Given the steepness of the current campaign, it is unlikely that the economy will remain unscathed as savings rates drop markedly. More importantly, the rate increase directly impacts households dependent on credit card debt to make ends meet. This has been the case over the last 30 years as the rise in consumption, which is ~70% of economic growth, was supported by an increasing debt as wages failed to keep up.
Such is why, as seen in the last National Federation Of Independent Business (NFIB) survey, the number of businesses with souring economic outlooks continues to rise. Of course, if business owners expect weaker economic growth, they won’t invest in business expansion or increasing employment.
Since employment is one of the highest costs to business profitability, reductions in employment become initially concentrated at firms where higher prices reduce sales quickly. As the “hard-landing” becomes more evident, firms will reduce headcount more rapidly as high wages are corrosive to earnings and corporate margins.
While investors may not think a hard landing is coming, the risk to consumption due to indebtedness and surging rates suggest differently. Importantly, what matters most for investors is the coincident repricing of assets as earnings decline due to the contraction in consumption.
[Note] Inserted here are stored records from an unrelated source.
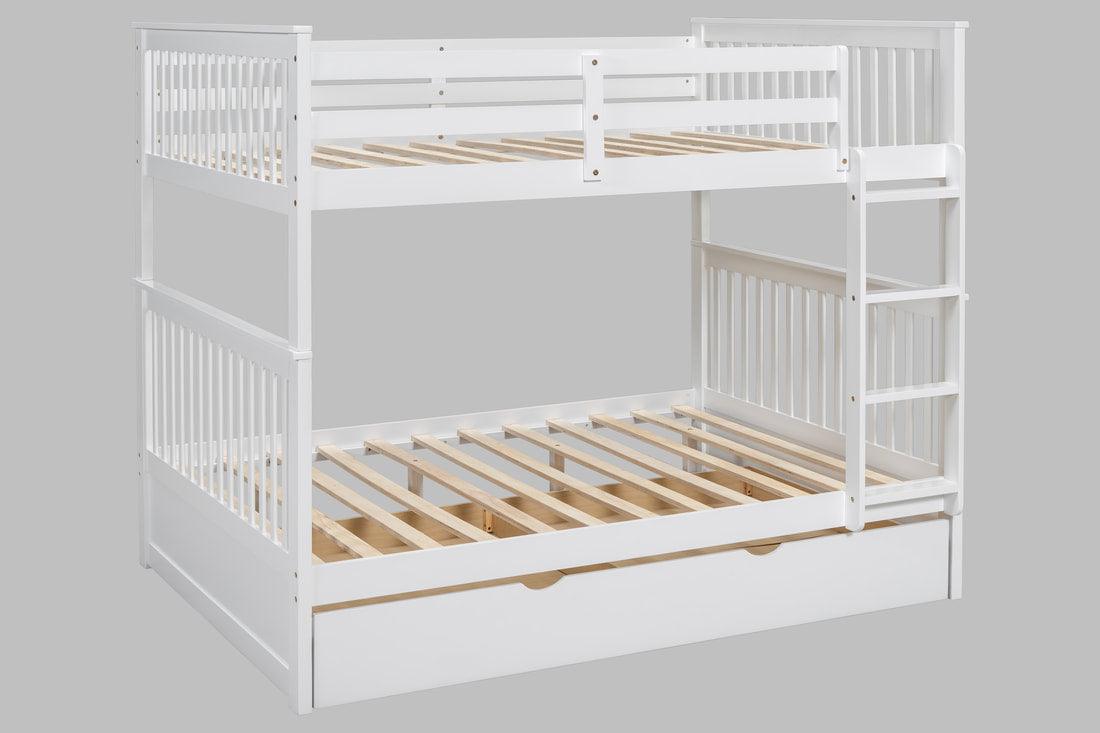 Stack White Full/Full Bunk Bed w/Twin Trundle by Happy Homes at Eve Furniture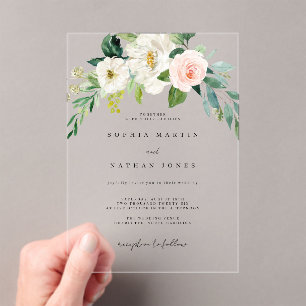 Modern Floral Arch Clear Minimalist Wedding  Acrylic Invitations
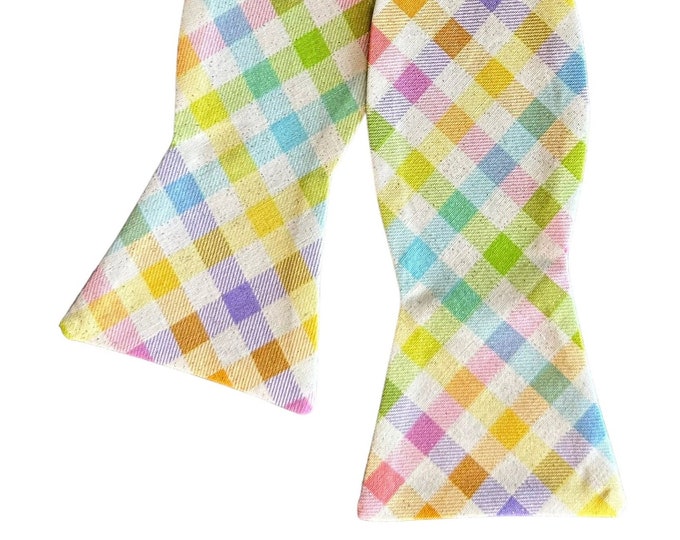 Easter Self-tie Bow Tie - Pastel Spring Plaid Multi-Colored with Iridescent Sparkle - Adult Men's and Boys Sizing - Crafted in the USA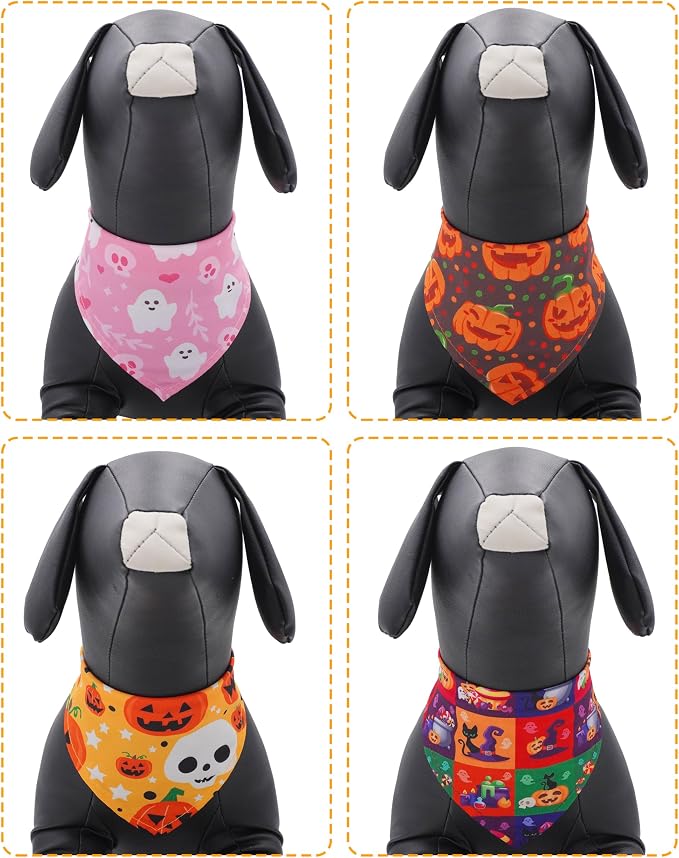 PET SHOW 50 Pack Halloween Big Dog Bandanas Bulk XL Washable Triangle Bibs - Image 5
Economic Recessions Leads To Earnings Recessions
We previously discussed that estimated earnings for the S&P 500 companies remain highly elevated. Such gives investors a false sense of security by assuming forward valuations suggest stocks are priced fairly. In reality, many companies in the index remain overvalued despite the price decline in 2022. More importantly, earnings have not been accounted for a potential “hard-landing” economically. In 2019, earnings declined by more than 30%. Even the soft landing in 2015 saw earnings decline by more than 10% compared to current estimates.
More importantly, despite recent downward revisions, current estimates still exceed the historical 6% exponential growth trend. That trend has contained earnings growth since 1950. Currently, earnings estimates exceed that trend by one of the most significant deviations ever. The only two previous periods with similar deviations are the Financial Crisis and the Dot.com bubble.
More significant is that earnings estimates DO NOT SURVIVE economic “hard landings.“
As shown, the composite economic index (EOCI) is already signaling that earnings will decline further as the economy slows. The deeper the recession, the deeper the earnings decline will be.
The “forward” earnings estimate annual change also suggests even a “mild recession” will push estimates substantially lower. During every previous recessionary period, forward estimates declined to a negative 20% annual rate of change.
The whole point of the Fed hiking rates is to slow economic growth, thereby reducing inflation. As such, the risk of a recession rises as higher rates curtail economic activity. Unfortunately, with the economy slowing, additional tightening could exacerbate the risk of a recession.
Therein lies the risk. Since earnings remain correlated to economic growth, earnings decline as rate hikes occur. Such is especially the case in more aggressive campaigns. Therefore, market prices have likely not discounted earnings enough to accommodate a further decline.
In other words, “fair value” for the market could still be substantially lower.
A “hard landing” will likely reveal how much lower that could be.